A big dose of fantasy in My mind is the slave selling concept..though I use it in My torment of the toy I adore W/we both know that it is beyond the scope of reality. Now having said that...lending him out is a distinct possibility!
 
Lance

Perhaps you and I are fortunate to have lived through both sides of the issues of freedom in the day to day choices now taken for granted.

Perhaps it gives us more responsibility to teach the beauty of freedom of choice in sexuality.

Or perhaps not?
 
Well,

I have part-times subs and neither one is collared. Whether that will changed in the future, only time will tell.

However, I know that sissyboy feels be "belongs" to Me. His life is open to my scrutiny, I have the right to ask him anything and everything, and he must answer truthfully.

Eb
 
Re: Re: On ownership.....

Unregistered said:


Yeah? and you're all alone now, why? Maybe you're not all that and the bag of chips you think you are. Ever think of that?

Begone, Satan, you have no power here!

Eb
 
Re: Well,

Ebonyfire said:
I have part-times subs and neither one is collared. Whether that will changed in the future, only time will tell.

However, I know that sissyboy feels be "belongs" to Me. His life is open to my scrutiny, I have the right to ask him anything and everything, and he must answer truthfully.

Eb

Ah ha here at last!

Eb...I think You may agree with Me here...it does not take a collar to confirm ownership..simply taking the responsibility and having the desire on both sides of the whip can be a strong enough concept to feel owned by the submissive and feel ownership by the Dominant?
 
Re: Re: Well,

Shadowsdream said:


Ah ha here at last!

Eb...I think You may agree with Me here...it does not take a collar to confirm ownership..simply taking the responsibility and having the desire on both sides of the whip can be a strong enough concept to feel owned by the submissive and feel ownership by the Dominant?

I often wondered about that, but I have to say that you are correct.

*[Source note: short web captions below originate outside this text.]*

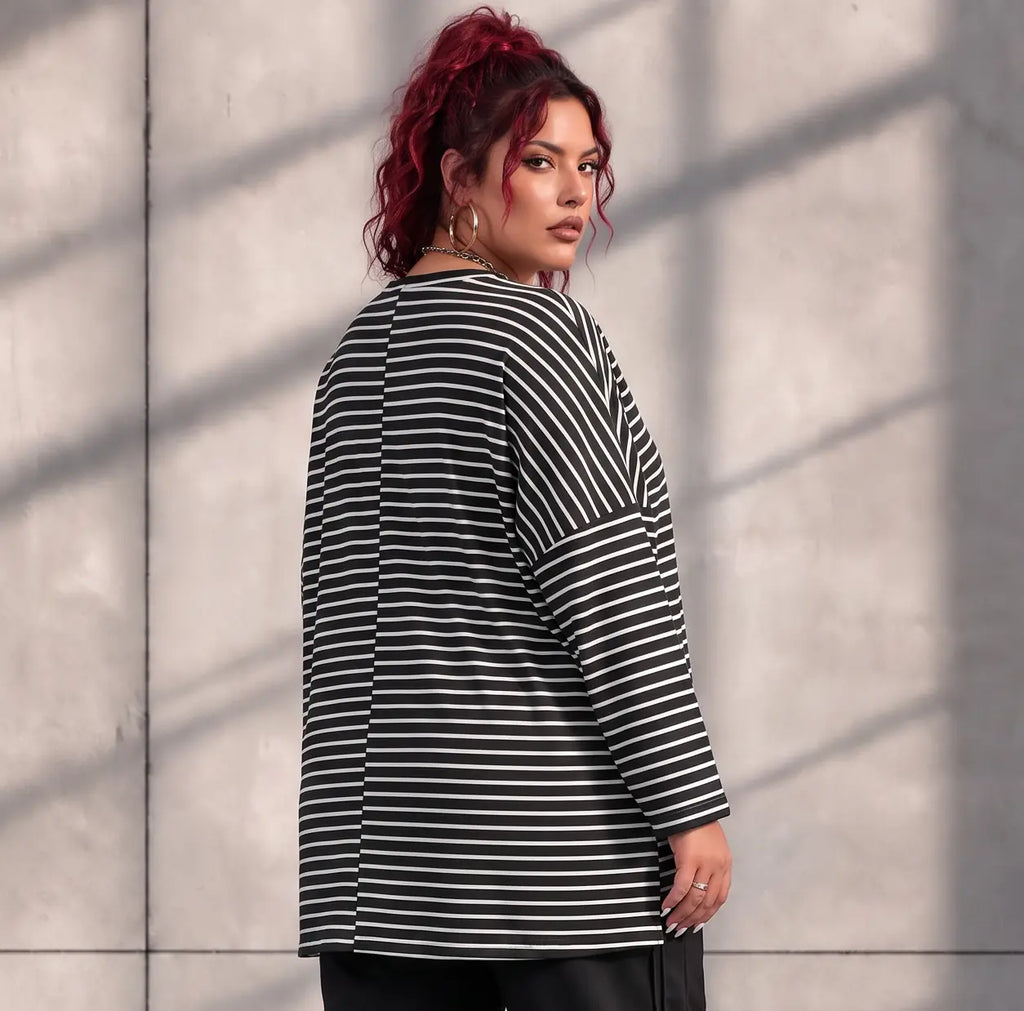 Funky Diva · Shirt · VibeDiva · K666D · DuoBlack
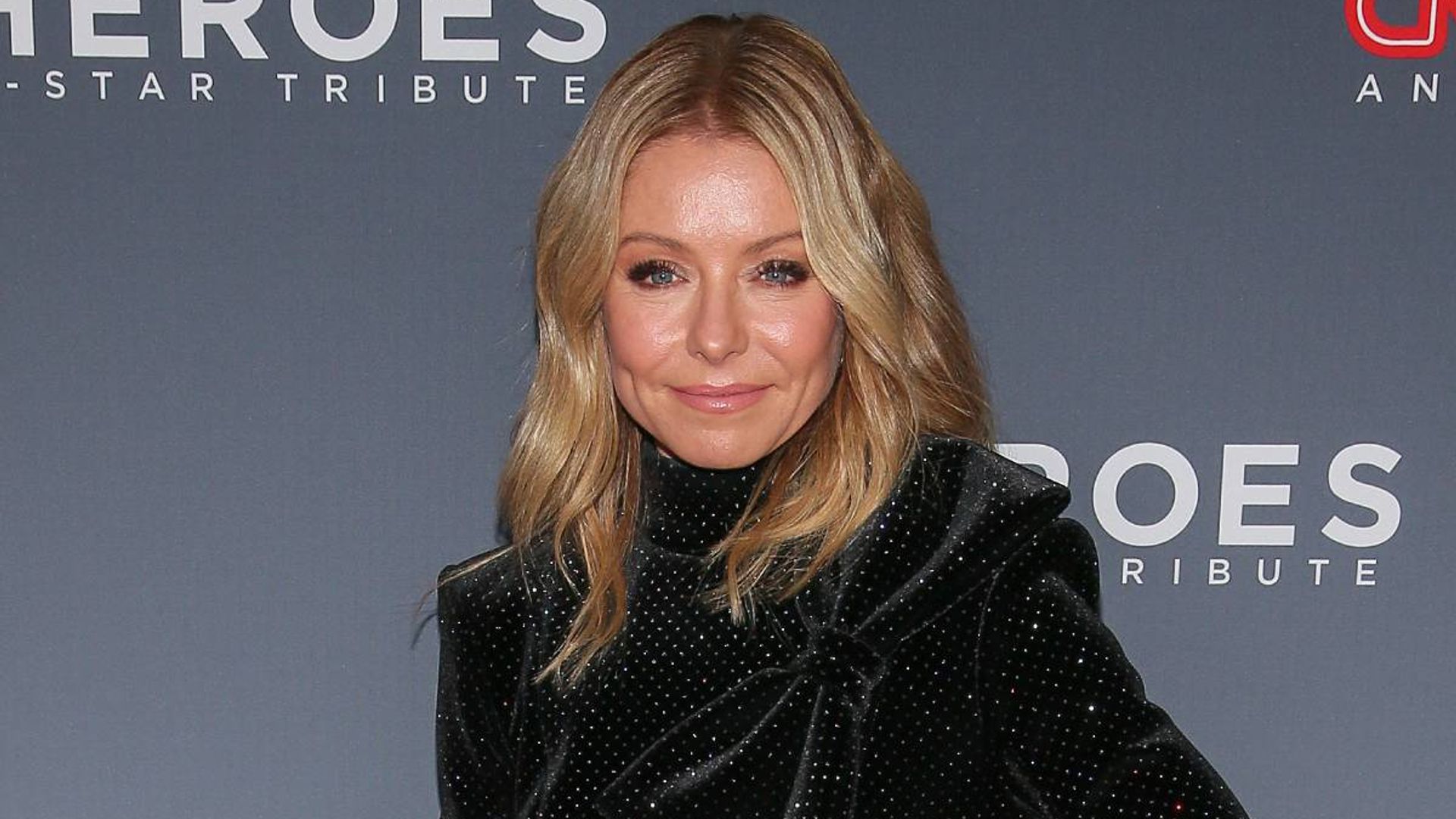 1. Kelly Ripa's Blue Hair Color Transformation - wide 6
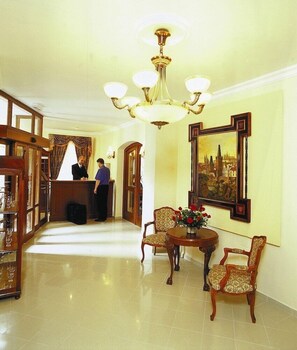 Lobby - Certovka Hotel (Prague)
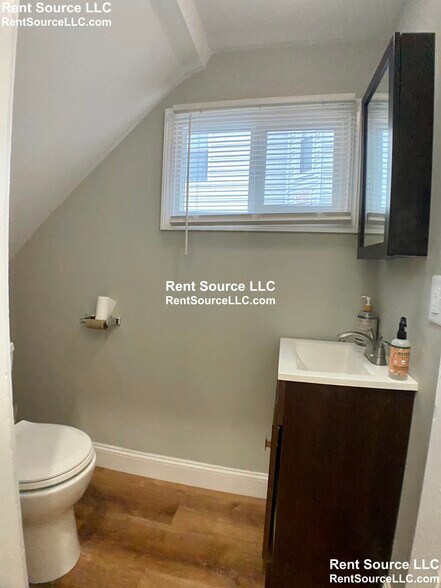 Building Photo - 271 Highland Ave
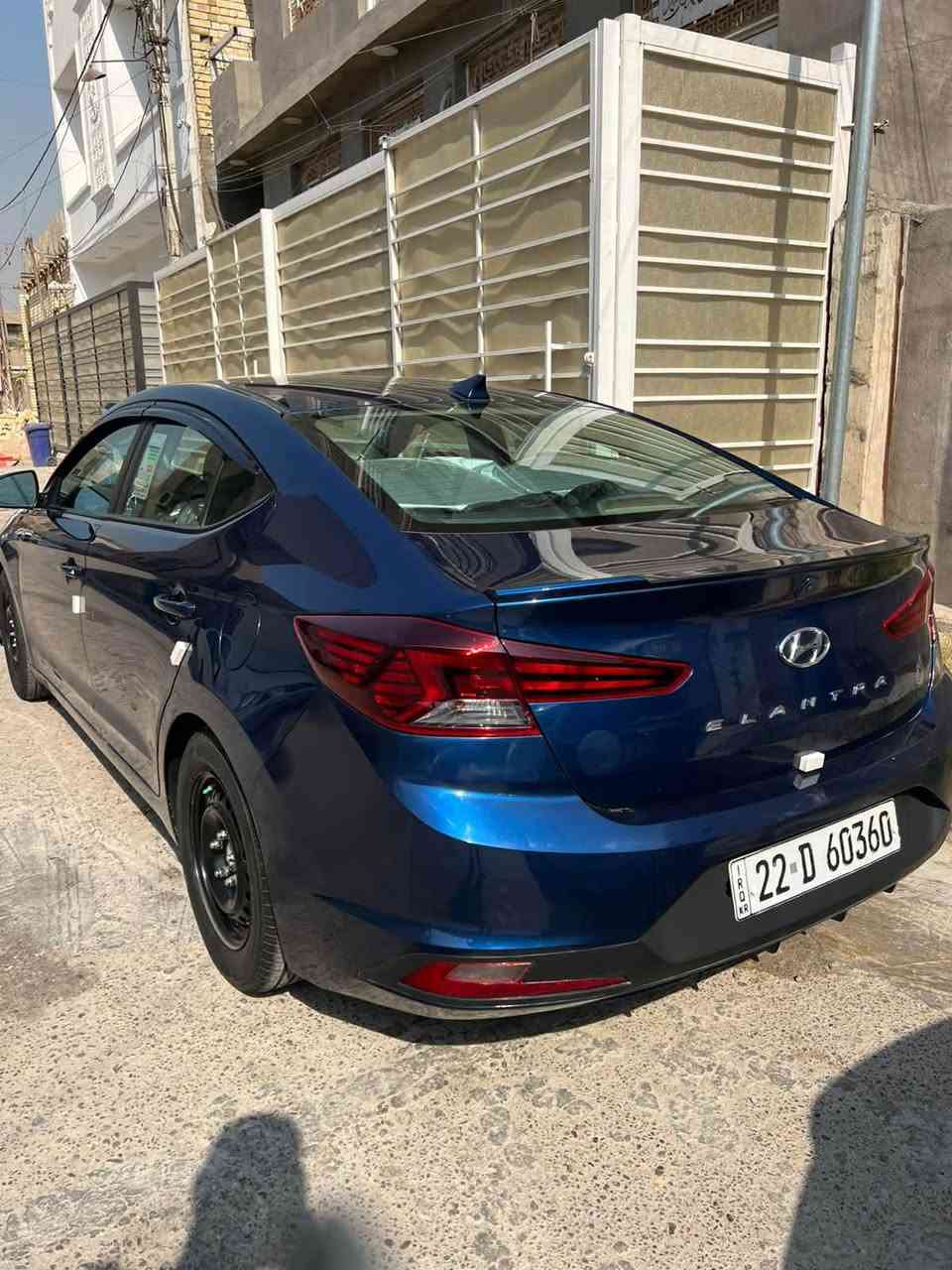 النترا 2020 امريكي حادث امريكى بس جاملغ وهنا بالعراق ربع البنيد بارد بيها بارد بالباب الخلفي   خلف السايق بارد خلف باب الراكب  وبارد ب قبق الجنطه مواصفات السياره نص فول تحكمات ستيرن وسويج ورادار امامي ورادار بالمرايات شاشه كار بلي ادامه كامله على السياره حداديه وتايرات وصدر خلفي وامامي وفلنجلت جدد باتري وفيت بم وجويتر جدد السياره جاهزة من كل نواحي 
كير ومكينة مكفولات 
السعر 118
رقم سيارة اربيل
بكان السيدية
***********
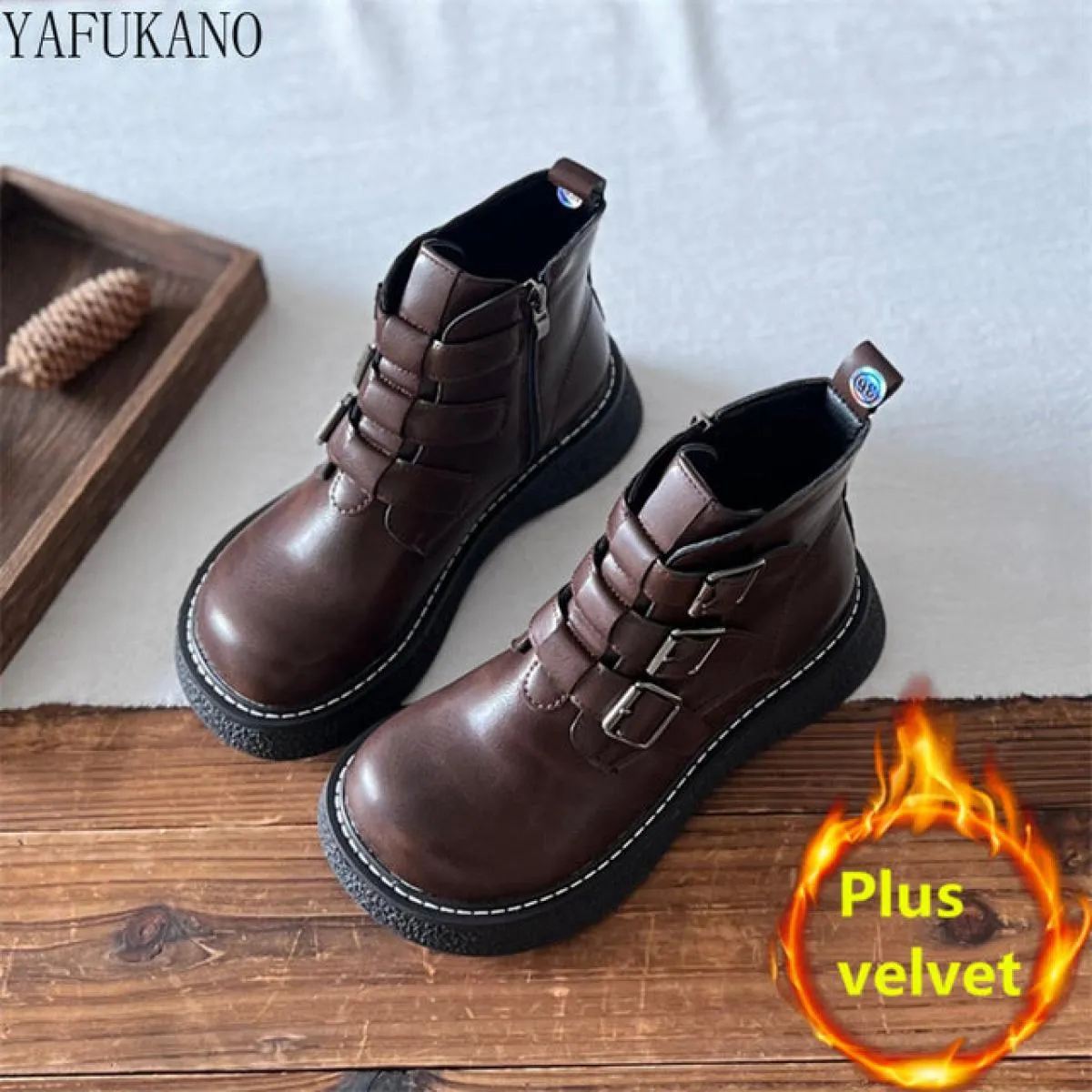 Mori Stivaletti letterari retrò per il tempo libero con fibbia per cintura Decor Stivaletti con plateau con tacco grosso Suola s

I have taken the responsibility for his growth and nurturing in this lifestyle. It may be a bond that is never broken. We have talked about the fact that if he never marries or finds a 24/7 who he can give his entire life to, I would always be there for him.

As for bitchboy, it is early days yet.

I also have another sub that I have been training for a longtime, who feels I own him. But that is another (epic) story.

Eb
 
Re: Re: Re: Well,

Ebonyfire said:


I often wondered about that, but I have to say that you are correct. I have taken the responsibility for his growth and nurturing in this lifestyle. It may be a bond that is never broken. We have talked about the fact that if he never marries or finds a 24/7 who he can give his entire life to, I would always be there for him.

As for bitchboy, it is early days yet.

I also have another sub that I have been training for a longtime, who feels I own him. But that is another (epic) story.

Eb

A simple word with complex dimensions
 
I am not a slave. I have a problem with that word in context to me only. I have talked to slaves and find the prospect of having a slave exciting.

But when I read your words, Shadowsdream, I thought about my heart. If Himself owns my heart, then he owns me. My heart does indeed belong to him.

So there is a dichotomy... I reject the word slave for myself, but call Himself "Master".
 
cellis said:
I am not a slave. I have a problem with that word in context to me only. I have talked to slaves and find the prospect of having a slave exciting.

But when I read your words, Shadowsdream, I thought about my heart. If Himself owns my heart, then he owns me. My heart does indeed belong to him.

So there is a dichotomy... I reject the word slave for myself, but call Himself "Master".



cellis, Robuck refuses to use the word 'slave' too. I suppose it is the bad conotations that that word usually conjures.

So, I am not His 'slave' but ... I am certainly 'owned' by Him - and am happy to be so. (And I call him Master!)